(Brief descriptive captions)
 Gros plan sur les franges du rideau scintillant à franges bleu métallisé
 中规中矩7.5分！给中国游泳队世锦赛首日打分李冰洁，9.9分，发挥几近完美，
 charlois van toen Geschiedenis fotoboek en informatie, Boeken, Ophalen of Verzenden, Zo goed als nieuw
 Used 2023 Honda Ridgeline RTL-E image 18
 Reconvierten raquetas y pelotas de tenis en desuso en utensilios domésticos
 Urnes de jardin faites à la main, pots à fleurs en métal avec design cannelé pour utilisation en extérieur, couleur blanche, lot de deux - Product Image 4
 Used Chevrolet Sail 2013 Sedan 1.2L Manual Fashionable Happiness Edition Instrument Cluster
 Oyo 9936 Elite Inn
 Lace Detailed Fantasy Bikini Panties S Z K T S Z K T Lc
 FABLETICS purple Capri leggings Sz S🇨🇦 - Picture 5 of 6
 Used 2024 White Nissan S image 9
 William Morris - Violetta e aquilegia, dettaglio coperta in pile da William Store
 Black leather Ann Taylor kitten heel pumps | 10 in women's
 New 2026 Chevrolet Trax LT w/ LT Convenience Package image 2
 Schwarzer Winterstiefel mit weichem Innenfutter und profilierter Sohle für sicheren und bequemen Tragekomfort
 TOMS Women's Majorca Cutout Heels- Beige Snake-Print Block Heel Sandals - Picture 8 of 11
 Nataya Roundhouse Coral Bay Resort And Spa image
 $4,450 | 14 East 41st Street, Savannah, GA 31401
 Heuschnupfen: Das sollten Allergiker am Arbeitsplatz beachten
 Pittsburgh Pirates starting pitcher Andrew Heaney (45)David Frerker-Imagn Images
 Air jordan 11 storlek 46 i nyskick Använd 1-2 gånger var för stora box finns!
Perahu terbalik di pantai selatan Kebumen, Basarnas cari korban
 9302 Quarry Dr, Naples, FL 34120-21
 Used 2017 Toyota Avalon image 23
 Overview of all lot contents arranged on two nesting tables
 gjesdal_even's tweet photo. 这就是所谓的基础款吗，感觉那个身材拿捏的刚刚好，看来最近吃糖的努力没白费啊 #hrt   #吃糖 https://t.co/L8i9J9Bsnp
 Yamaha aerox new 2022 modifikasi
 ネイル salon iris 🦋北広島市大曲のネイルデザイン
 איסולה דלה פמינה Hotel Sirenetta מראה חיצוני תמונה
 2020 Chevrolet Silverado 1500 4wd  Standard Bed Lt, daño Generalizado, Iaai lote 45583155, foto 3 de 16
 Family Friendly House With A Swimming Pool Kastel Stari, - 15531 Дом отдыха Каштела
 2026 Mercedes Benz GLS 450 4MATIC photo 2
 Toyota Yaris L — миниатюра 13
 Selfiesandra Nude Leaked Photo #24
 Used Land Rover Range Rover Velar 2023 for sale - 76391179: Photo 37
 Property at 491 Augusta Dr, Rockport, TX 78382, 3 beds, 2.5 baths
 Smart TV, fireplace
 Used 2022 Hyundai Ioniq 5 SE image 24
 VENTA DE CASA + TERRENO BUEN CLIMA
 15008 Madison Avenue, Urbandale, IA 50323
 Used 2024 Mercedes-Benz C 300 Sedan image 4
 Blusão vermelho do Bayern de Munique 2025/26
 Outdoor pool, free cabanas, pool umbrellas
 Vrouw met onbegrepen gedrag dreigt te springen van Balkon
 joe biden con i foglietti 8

> INSTRUCTIONS FOR THE TASK: What's needed is every entry, returned word for word.

> YOUR SOLUTION:
 Gros plan sur les franges du rideau scintillant à franges bleu métallisé
 中规中矩7.5分！给中国游泳队世锦赛首日打分李冰洁，9.9分，发挥几近完美，
 charlois van toen Geschiedenis fotoboek en informatie, Boeken, Ophalen of Verzenden, Zo goed als nieuw
 Used 2023 Honda Ridgeline RTL-E image 18
 Reconvierten raquetas y pelotas de tenis en desuso en utensilios domésticos
 Urnes de jardin faites à la main, pots à fleurs en métal avec design cannelé pour utilisation en extérieur, couleur blanche, lot de deux - Product Image 4
 Used Chevrolet Sail 2013 Sedan 1.2L Manual Fashionable Happiness Edition Instrument Cluster
 Oyo 9936 Elite Inn
 Lace Detailed Fantasy Bikini Panties S Z K T S Z K T Lc
 FABLETICS purple Capri leggings Sz S🇨🇦 - Picture 5 of 6
 Used 2024 White Nissan S image 9
 William Morris - Violetta e aquilegia, dettaglio coperta in pile da William Store
 Black leather Ann Taylor kitten heel pumps | 10 in women's
 New 2026 Chevrolet Trax LT w/ LT Convenience Package image 2
 Schwarzer Winterstiefel mit weichem Innenfutter und profilierter Sohle für sicheren und bequemen Tragekomfort
 TOMS Women's Majorca Cutout Heels- Beige Snake-Print Block Heel Sandals - Picture 8 of 11
 Nataya Roundhouse Coral Bay Resort And Spa image
 $4,450 | 14 East 41st Street, Savannah, GA 31401
 Heuschnupfen: Das sollten Allergiker am Arbeitsplatz beachten
 Pittsburgh Pirates starting pitcher Andrew Heaney (45)David Frerker-Imagn Images
 Air jordan 11 storlek 46 i nyskick Använd 1-2 gånger var för stora box finns!
Perahu terbalik di pantai selatan Kebumen, Basarnas cari korban
 9302 Quarry Dr, Naples, FL 34120-21
 Used 2017 Toyota Avalon image 23
 Overview of all lot contents arranged on two nesting tables
 gjesdal_even's tweet photo. 这就是所谓的基础款吗，感觉那个身材拿捏的刚刚好，看来最近吃糖的努力没白费啊 #hrt   #吃糖 https://t.co/L8i9J9Bsnp
 Yamaha aerox new 2022 modifikasi
 ネイル salon iris 🦋北広島市大曲のネイルデザイン
 איסולה דלה פמינה Hotel Sirenetta מראה חיצוני תמונה
 2020 Chevrolet Silverado 1500 4wd  Standard Bed Lt, daño Generalizado, Iaai lote 45583155, foto 3 de 16
 Family Friendly House With A Swimming Pool Kastel Stari, - 15531 Дом отдыха Каштела
 2026 Mercedes Benz GLS 450 4MATIC photo 2
 Toyota Yaris L — миниатюра 13
 Selfiesandra Nude Leaked Photo #24
 Used Land Rover Range Rover Velar 2023 for sale - 76391179: Photo 37
 Property at 491 Augusta Dr, Rockport, TX 78382, 3 beds, 2.5 baths
 Smart TV, fireplace
 Used 2022 Hyundai Ioniq 5 SE image 24
 VENTA DE CASA + TERRENO BUEN CLIMA
 15008 Madison Avenue, Urbandale, IA 50323
 Used 2024 Mercedes-Benz C 300 Sedan image 4
 Blusão vermelho do Bayern de Munique 2025/26
 Outdoor pool, free cabanas, pool umbrellas
 Vrouw met onbegrepen gedrag dreigt te springen van Balkon
 joe biden con i foglietti 8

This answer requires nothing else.